Task item
Give back, exactly and with nothing else, the lines running from the one that contains "Wederom straat blank" to the end of the entries below; do not include pictures.

Exercise input

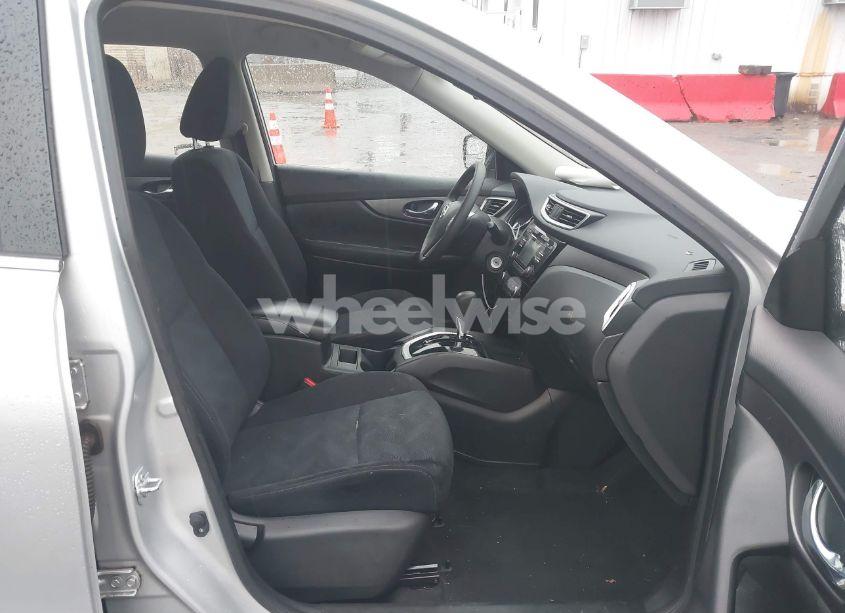 Photo 5 of 2016 Nissan Rogue S (VIN JN8AT2MT7GW021404)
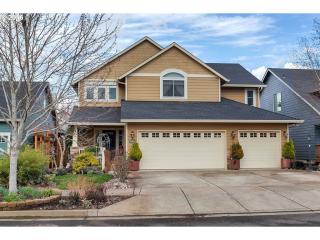 415 Oxford St, Newberg, OR 97132-6121
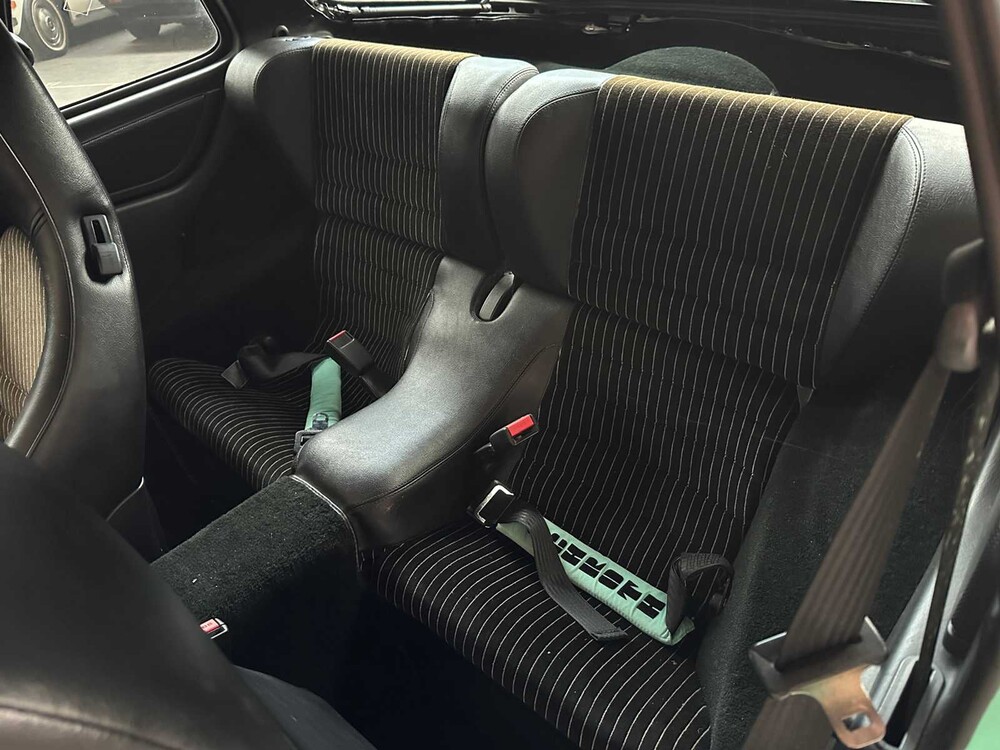 Porsche 944 Turbo 2.5 250pk 1989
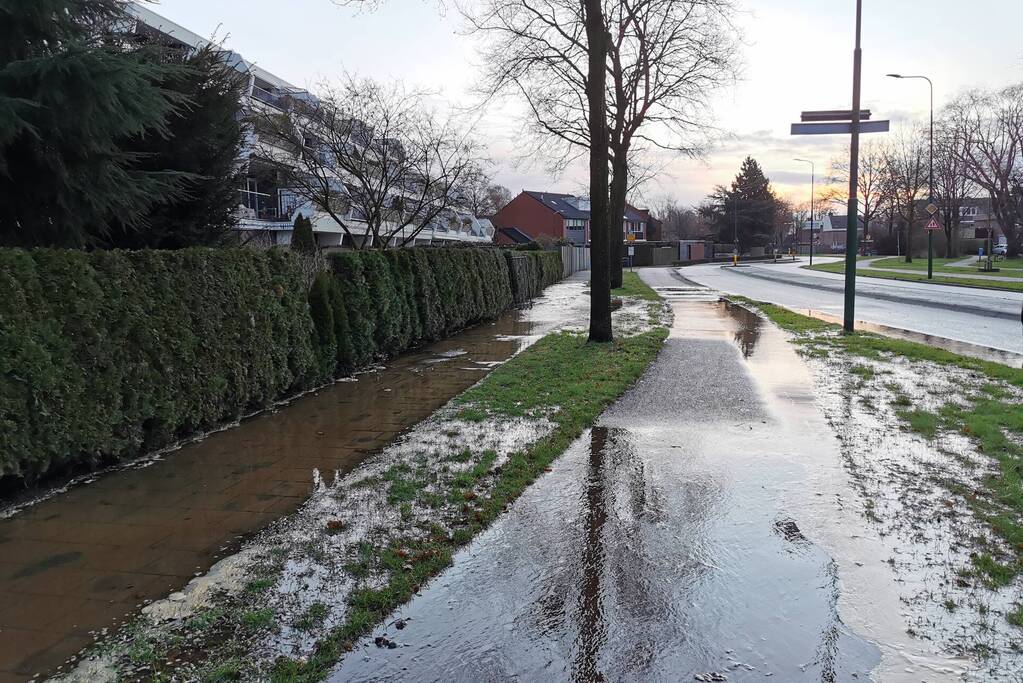 Wederom straat blank door gesprongen waterleiding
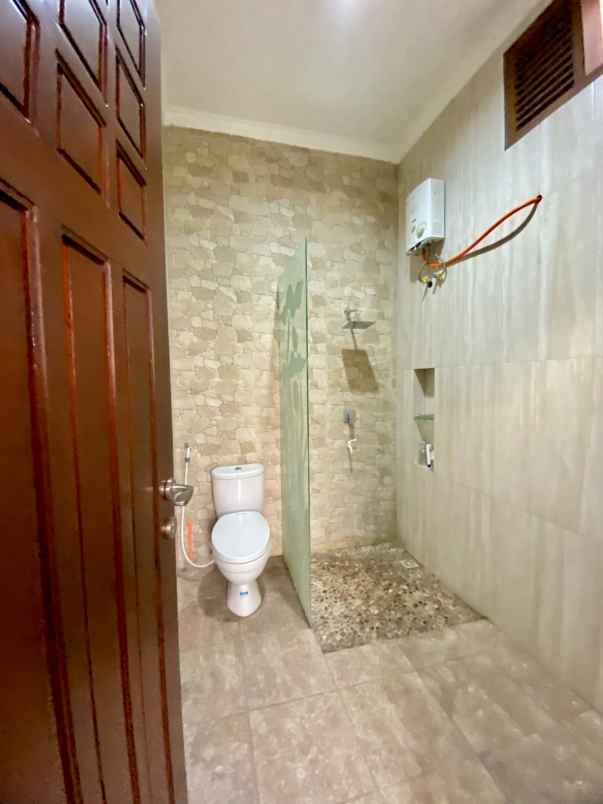 rumah baru renovasi lokasi strategis dalam perumahan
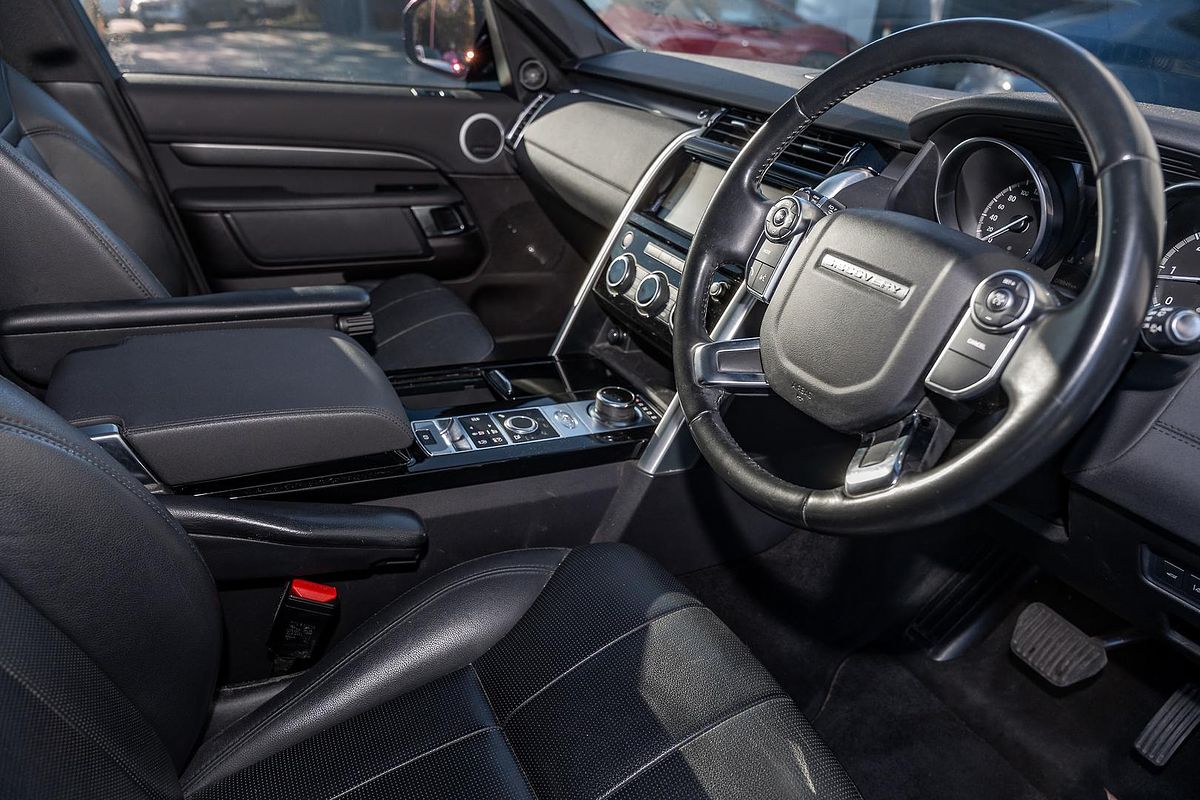 2017 Land Rover Discovery TD6 HSE Series 5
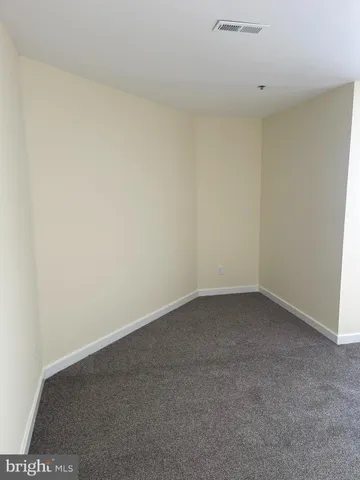 $1,700 | 5215 Le Parc Drive, Unit 8, Wilmington, DE 19809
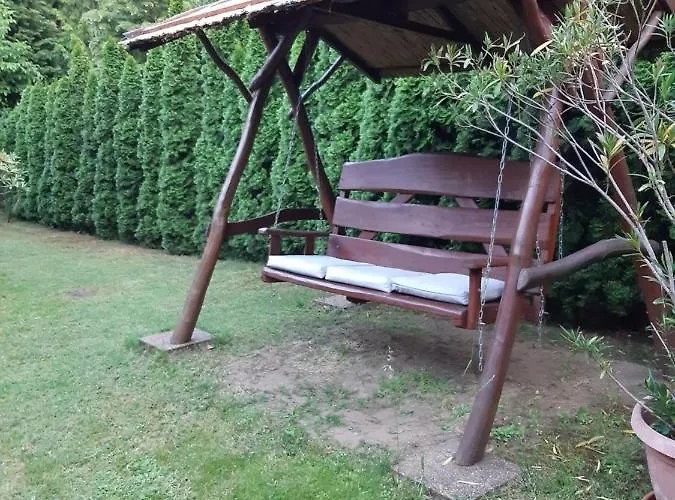 Pakasz Nyaralohaz Feriehus *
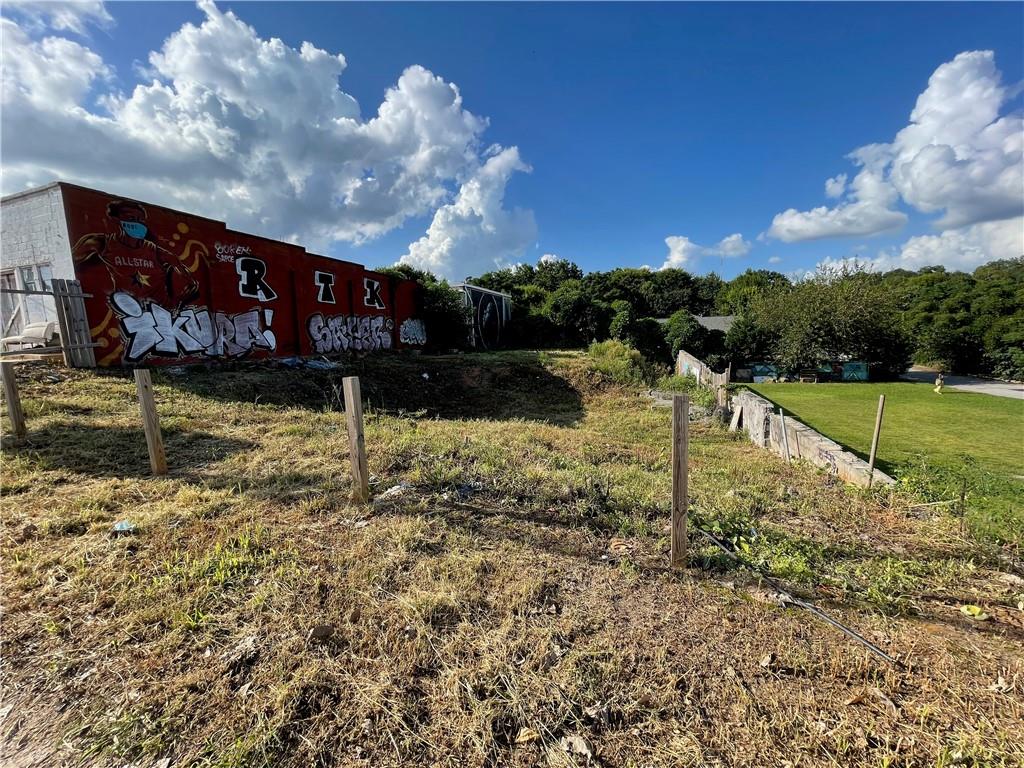 678 MEMORIAL Drive SE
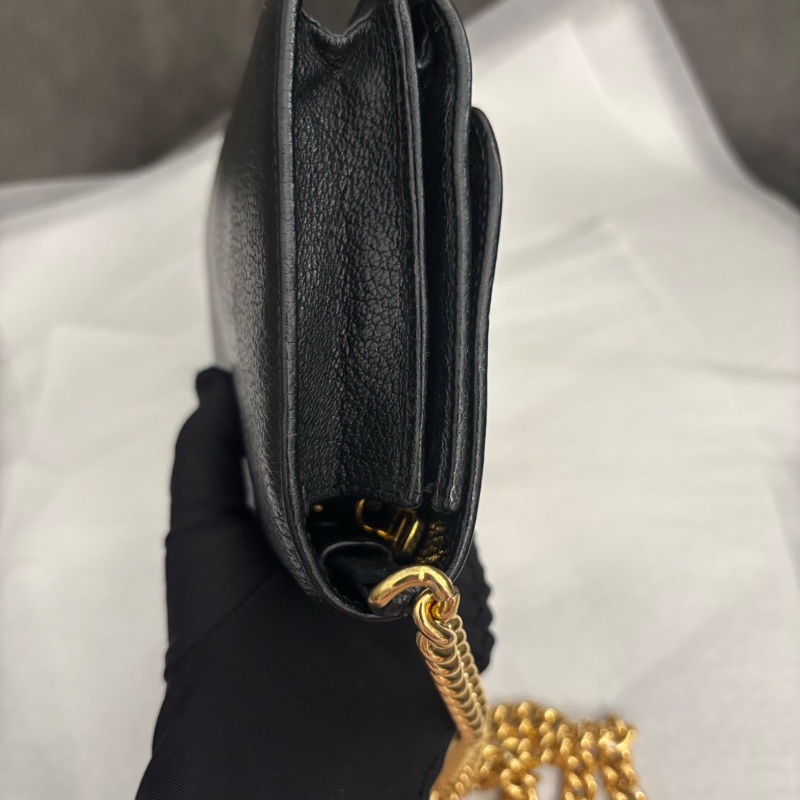 MiuMiu 黑色woc包 內含鏡子 肩背斜背手拿鏈條包 18×3.5×11 98新配件塵袋-7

Finished exercise
 Wederom straat blank door gesprongen waterleiding
 rumah baru renovasi lokasi strategis dalam perumahan
 2017 Land Rover Discovery TD6 HSE Series 5
 $1,700 | 5215 Le Parc Drive, Unit 8, Wilmington, DE 19809
 Pakasz Nyaralohaz Feriehus *
 678 MEMORIAL Drive SE
 MiuMiu 黑色woc包 內含鏡子 肩背斜背手拿鏈條包 18×3.5×11 98新配件塵袋-7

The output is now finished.